I’m not that into Batman, generally, but I’d broadly agree that Batman: The Animated Series is one of the best animated shows ever made. Visually it was unmistakable, combining bold, simple character designs and restrained use of tone and palette to make a unique noir aesthetic. It was super cool. Which makes The Adventures Of Batman & Robin: Cartoon Maker, B:TAS’ 1995 “educational” spin-off CD-ROM, even more brilliant for how totally busted it was.
TAOB&R:CM, to use an abbreviation that looks like broken HTML, was a farce. As its name suggested, you would use it to create cartoons in the style of B:TAS, slapping down moody backdrops, and then moving characters with looping movement animations across them, before plopping down props, sound effects and text. The game would record the order of all of this, and then play it back on command, like a puppet show with the puppeteer’s hands removed from view. Grand, in theory.

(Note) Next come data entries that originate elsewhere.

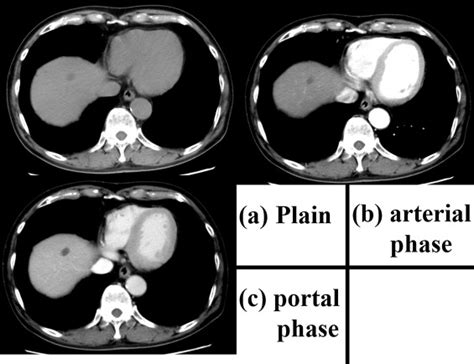 The contrast-enhanced computed tomography scan obtained approximately... | Download Scientific ...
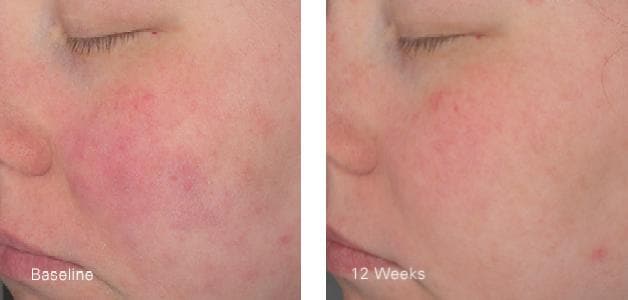 ZO Hydrating Creme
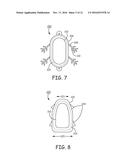 MINIMALLY INVASIVE IMPLANTABLE NEUROSTIMULATION SYSTEM diagram and image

Only, in the version I had at least, there was no way to go back and adjust animations or asset placements once they had been plonked down. And there was no way to remove an asset from a vignette once it was in, or to pick it up and make it move again, short of starting a whole new scene. So once Batman had strode across a room to a telephone, for example, he was stuck there: superglued indelibly to the fabric of reality. If Commissioner Gordon walked onscreen to chat with him, Batman would either have to have the whole conversation with his back turned to the commish, as if sulking, or would have to leave his ghost forever standing by the phone as a new iteration of him strode over to converse with the loaf-chinned cop.

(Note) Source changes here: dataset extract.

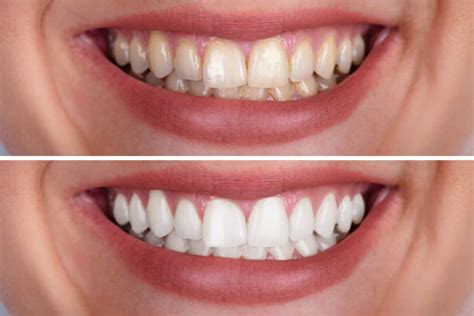 Teeth Whitening Vs Teeth Cleaning Hamilton Dental Centre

Of course, my mate and I developed a whole suite of bizarre workarounds for this, and TAOB&R:CM’s many other limitations. We engineered our narratives so that whenever a character stopped moving, they would simply explode. Batman would walk to the telephone, Gordon would walk onscreen, and then a massive fireball graphic would be slapped over the top of Batman with a deafening BANG. A fresh batman would swoop out of the explosion on a rope, heel-first into the commissioner’s chest, and they would have their brief dialogue. Then (courtesy of the game’s inbuilt paint function), bright red blood would gush from the point of impact on Gordon’s sternum until it had obscured both of Gotham’s protectors, allowing the Joker to slink in and do his dastardly business without being watched by the statue-like figures of his foes in the background.
In the next scene of course, Gordon and Batman would both be together again, with the police chief calmly accepting of the fact that Batman had kicked his heart open just minutes ago. It lent everything a sort of febrile, dreamlike transience, where everyone was disposable, and extraordinary violence was meted out in a casual, routine fashion, barely worth remarking upon by either perpetrator or victim.

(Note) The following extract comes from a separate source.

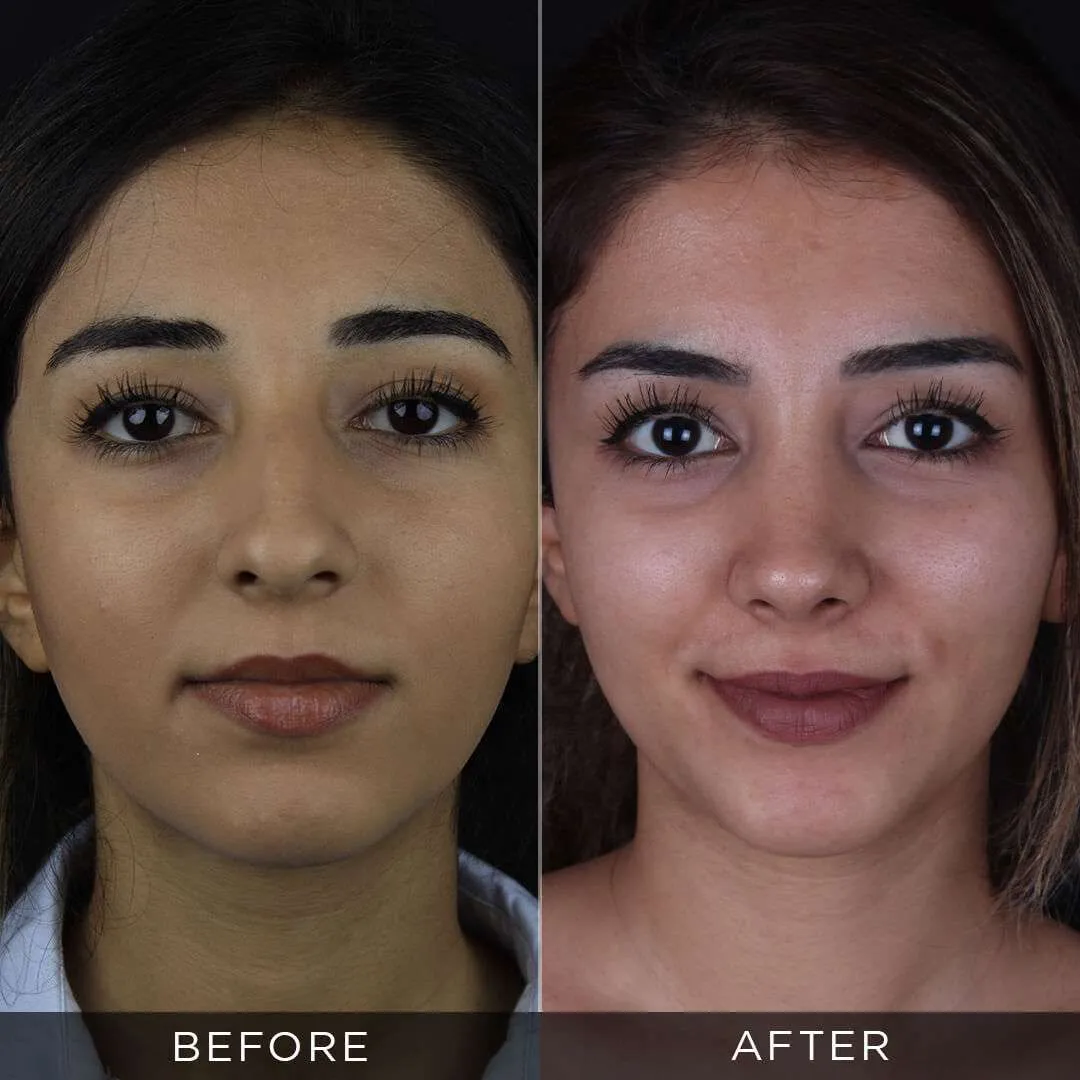 female piezzo rhinoplasty 25 years old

Perhaps the finest creation we ever made was a simple cartoon, 27 seconds long, entitled “Batman’s secret”. In it, Batman walked into a gloomy dungeon, then froze in place, staring bleakly at a wall. In walked Catwoman, perpetually lashing her whip as she strutted along, and proceeded to wallop seven shades of shit out of the caped crusader as he occasionally emitted grunts of dark satisfaction. For eighteen seconds. At last, Commissioner Gordon’s face appeared, aghast, in the foreground. And as he stared, blood began to leak from the corners of his eyes, slowly pooling at the bottom of the screen and rising to eye level. Then both of his eyes, as well as Batman and Catwoman, disappeared beneath fiery detonations. As an epilogue of sorts, a trio of burly crimers appeared at the centre of the shot, from absolutely nowhere, accompanied by the text “The mafia always wins”. It was a masterpiece.